Pek çok zavallının sandığı gibi şansla zengin olunmuyor (Tolstoy, 2011:120). Neyse Allah tembeli sevmez, zahmetin karşılığını verir. Tembeller, uyuşuklar başaracak değil ya, ben başaracağım. Hele bir sigara daha içeyim (Tolstoy, 2011:122).

Collodi’nin kahramanı Pinokyo ise, çalışması ve başarılı olması gerektiğinin farkındadır. Ancak hem kendi tembelliği, hem de kötü arkadaşları yüzünden bir türlü çalışkan olamaz ve neredeyse başına gelmeyen kötü hadise kalmaz.

- Okula gitmek hoşuna gitmiyorsa, niçin bir sanat öğrenmiyorsun, hiç olmazsa namusunla kazanmak için (Collodi, 2008- 11).

- Bugün hemen okumayı öğrenmek istiyorum okulda. Yarın yazı yazmayı, öbür gün de sayıları öğrenirim. Sonra, becerikliliğimi gösterip çok para kazanırım; kazanacağım ilk parayla babama kumaştan güzel bir ceket yaptırmak istiyorum. Ama ne kumaşı? Bütünüyle altın ve gümüşten bir ceket yaptıracağım ona, düğmesini elmastan. O zavallı babamın gerçekten hakkı bu. Bana kitap almak, beni okutmak için gömlekle kaldı bu sokakta… Ancak babalar böyle özverili olabilir! (Collodi, 2008- 21).
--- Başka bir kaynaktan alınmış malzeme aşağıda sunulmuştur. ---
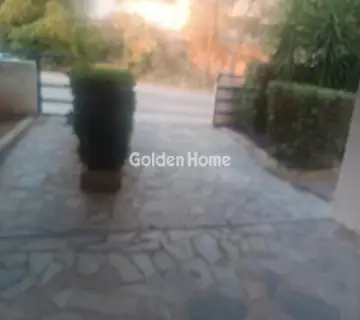 Οροφομεζονέτα 130τ.μ. προς πώληση φωτογραφία 15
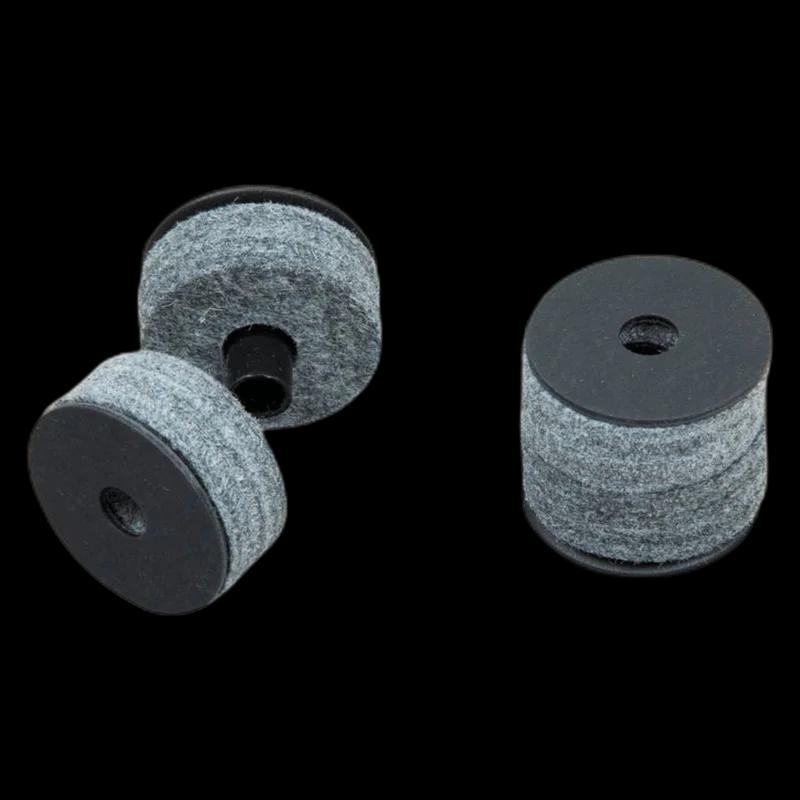 DW SM488 Cymbal Stand Felt Set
- Biz, diye Tilki yeniden söze başladı, kendi çıkarımız için çalışmıyoruz, biz yalnız başkalarını zengin etmek için çalışıyoruz (Collodi, 2008- 32).

İnsanın namusuyla birkaç kuruş biriktirebilmesi için ya kollarıyla ya da kafasının gücüyle bu parayı kazanmayı bilmesi gerektiğine inanmak zorunda kaldım (Collodi, 2008- 53).

- Hak ettim bunu! Hak ettim! diyordu. Tembellik, serserilik yapmak istedim. Kötü arkadaşlara uydum, bu yüzden de talihsizlik hiç peşimi bırakmıyor. Herkes gibi bir çocuk olsaydım, okumaya, çalışmaya, istekli olsaydım, zavallı babacığımla bir evde kalmış olsaydım, bu saatte, burada, dağ başında bir köylünün bekçi köpekliğini yapıyor olmazdım. Ah, yeniden dünyaya gelebilseydim! Ama çok geç artık, sabır gerek şimdi!(Collodi, 2008- 59).

Yarım saat yürüdükten sonra, ‘Çalışkan Arılar Köyü’ adında bir köy vardı. Sokaklar, işleri peşinde oraya buraya koşuşan insanlarla doluydu. Herkes çalışıyordu, herkesin yapacak bir işi vardı. Tembel, boş gezen birini mumla arasanız bulamazsınız (Collodi, 2008- 70).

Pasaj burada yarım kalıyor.